Midnight Special is about a father, Roy (Michael Shannon) who kidnaps his own biological son, Alton Meyer (Jaeden Lieberher) from a doomsday like cult that's led by Alton's adopted father, Calvin Meyer (Sam Shepard). With Calvin believing that Alton is the key to their judgment as some sort of messianic figure for 'the ranch' of believers. Roy doesn't share that same belief, and with the help of his childhood friend Lucas (Joel Edgerton) they abscond with Alton and head to the coordinates that Alton has been relaying to them. Practically every arm of the government (and the ranch) are tracking Roy, Lucas and Alton all the way to their destination, so Roy turns to the few people he can trust, one of them being his wife Sarah Tomlin (Kirsten Dunst) who refused to watch another man raise her child at the ranch, for help. Meanwhile Paul Sevier (Adam Driver) of the NSA has been charged with interviewing all the members of the ranch as he slowly begins to grasp the extent of the supernatural abilities that Alton may, or may not have.
Midnight Special is an extremely personal, intimate and grounded story that always stays with its characters and their journey. Despite its massively ambitious scope in a minimalist "superhero" movie that's as riveting as it is realistic. It retains a tightly wound sense of mystery, curiosity, wonder and the strength of emotions, especially between a father and a son.
Jeff Nichols (director and writer) who I personally believe is one of the top directors of the 21st century, manages to balance the verisimilitude of the awe-inspiring with the cynical, yet idealistic beliefs we struggle with every day of our lives. I'm not just talking about belief in the sense of religion or theology either, it's something more innate than that, something more undeniable.
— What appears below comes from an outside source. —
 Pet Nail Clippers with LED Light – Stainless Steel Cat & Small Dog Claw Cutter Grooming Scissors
Midnight Special is probably the closest we've come so far to a Close Encounters of the Third Kind for this generation, and it parallels a lot of other sci-fi movies too, all while still feeling like an original and unique entry into the genre.
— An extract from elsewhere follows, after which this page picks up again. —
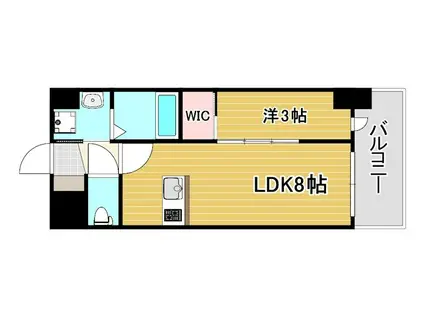アドバンス神戸ラシュレ(1LDK/8階)の間取り写真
The script was taut, maybe too taut for some as it relies more on what it doesn't say, than it what does say. The cinematography is wonderfully deft and atmospheric. The score by David Wingo perfectly captures the esoteric and incomprehensible nature of Alton and pulled all the right chords with me. The vfx are a little wobbly in some places, but it's nothing drastic. Just to put some things in perspective Close Encounters of the Third Kind, which Midnight Special is tonally similar to, had a budget of $18 million in 1977, Midnight Special had a budget of $18 million in 2016. It still does an exceptional job with the money it has, but its perhaps not as refined as some of the other, more expensive movies would have been. Jeff Nichols wisely stayed away from using too much vfx though, only using it when he absolutely had to.
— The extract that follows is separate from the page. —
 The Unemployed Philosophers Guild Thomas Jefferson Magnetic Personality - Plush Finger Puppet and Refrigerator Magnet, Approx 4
I don't think the script was especially difficult to follow but it offered very little exposition, which seems to be a big problem for a lot of people lately. Spoilers! Alton is part of a race of dimensional beings that exist on a different wavelength or frequency to us. The possibility remains that they are us evolved many times over. whatever the gene is, Roy has it himself as you can see his eyes glimmer at the end, it's unmistakable, though clearly it's equal to the same potency that his son had it, but it is there. It could be possible that it's merely Alton trying to communicate with his father, but I don't think that's the case, I think it's more than that. End spoilers!
Despite all the well-worn themes and tropes of the sci-fi genre, Jeff Nichols finds a way to make Midnight Special feel fresh, thrilling and surprisingly unpredictable. The character development was more reliant on the 'in the moment' situations than it was with basic exposition. This could leave viewers feeling detached with the characters I think, but you are given enough to understand what they're doing as the movie goes on, but it requires patience and attention. If you're expecting some X-Men or even Chronicle type superhero movie, don't, Midnight Special isn't that sort of movie. The ranch sees Alton as their savior, the government sees Alton as a weapon, whereas Roy sees Alton as his son and is trying to do his best by him, no matter what the cost may be. Midnight Special is a story about family, bonds and beliefs, the superpowers are largely inconsequential to the core of the movie.